▸ Work to complete: Transcribe the data in full; each line must match exactly.

▸ Data for this task:
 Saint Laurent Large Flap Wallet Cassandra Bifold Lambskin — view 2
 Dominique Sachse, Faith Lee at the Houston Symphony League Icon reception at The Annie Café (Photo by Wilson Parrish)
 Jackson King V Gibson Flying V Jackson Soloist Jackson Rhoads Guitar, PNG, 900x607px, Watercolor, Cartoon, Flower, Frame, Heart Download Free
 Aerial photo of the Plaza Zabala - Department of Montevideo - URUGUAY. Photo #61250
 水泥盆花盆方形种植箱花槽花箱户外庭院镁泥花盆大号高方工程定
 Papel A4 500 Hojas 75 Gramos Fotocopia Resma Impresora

▸ Exercise answer:
 Saint Laurent Large Flap Wallet Cassandra Bifold Lambskin — view 2
 Dominique Sachse, Faith Lee at the Houston Symphony League Icon reception at The Annie Café (Photo by Wilson Parrish)
 Jackson King V Gibson Flying V Jackson Soloist Jackson Rhoads Guitar, PNG, 900x607px, Watercolor, Cartoon, Flower, Frame, Heart Download Free
 Aerial photo of the Plaza Zabala - Department of Montevideo - URUGUAY. Photo #61250
 水泥盆花盆方形种植箱花槽花箱户外庭院镁泥花盆大号高方工程定
 Papel A4 500 Hojas 75 Gramos Fotocopia Resma Impresora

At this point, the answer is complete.